## [Dataset section]
□ □ □ □
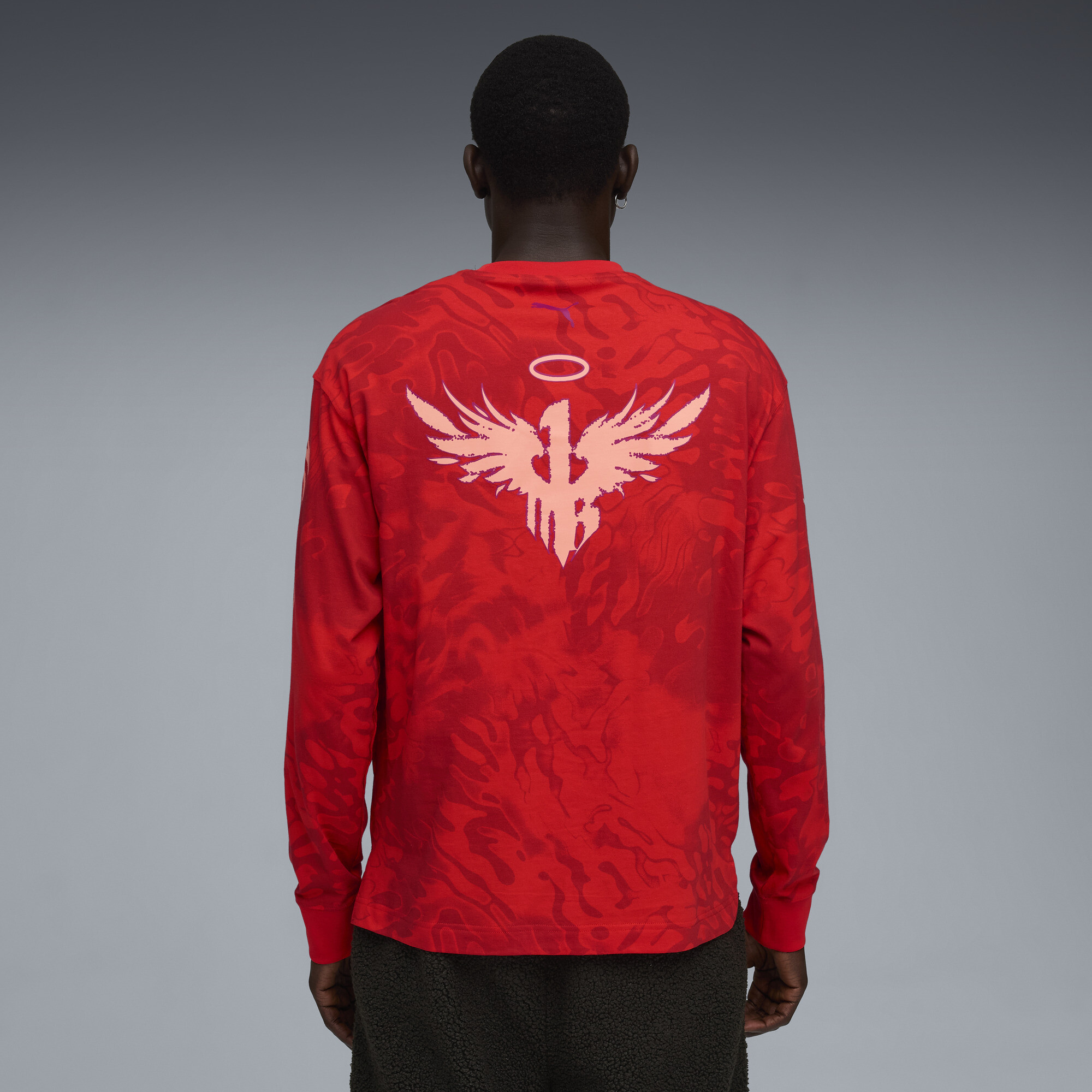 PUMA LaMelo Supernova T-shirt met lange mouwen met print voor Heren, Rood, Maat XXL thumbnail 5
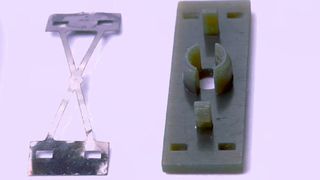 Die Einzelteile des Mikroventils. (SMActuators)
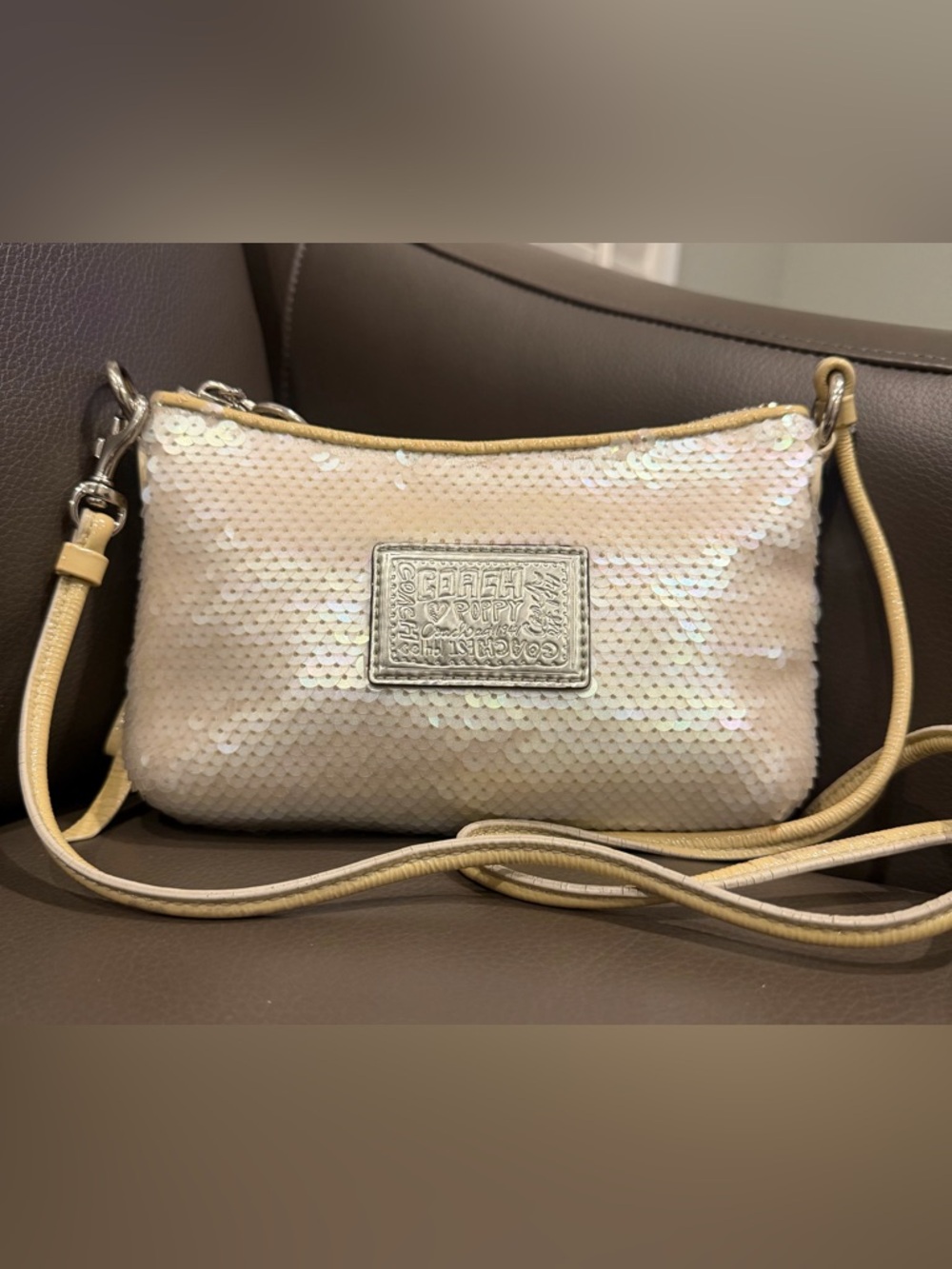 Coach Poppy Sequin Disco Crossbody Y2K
□ □ □ □
## [Task statement]
Repeat the data exactly, without the pictures.

## [Written solution]
 PUMA LaMelo Supernova T-shirt met lange mouwen met print voor Heren, Rood, Maat XXL thumbnail 5
 Die Einzelteile des Mikroventils. (SMActuators)
 Coach Poppy Sequin Disco Crossbody Y2K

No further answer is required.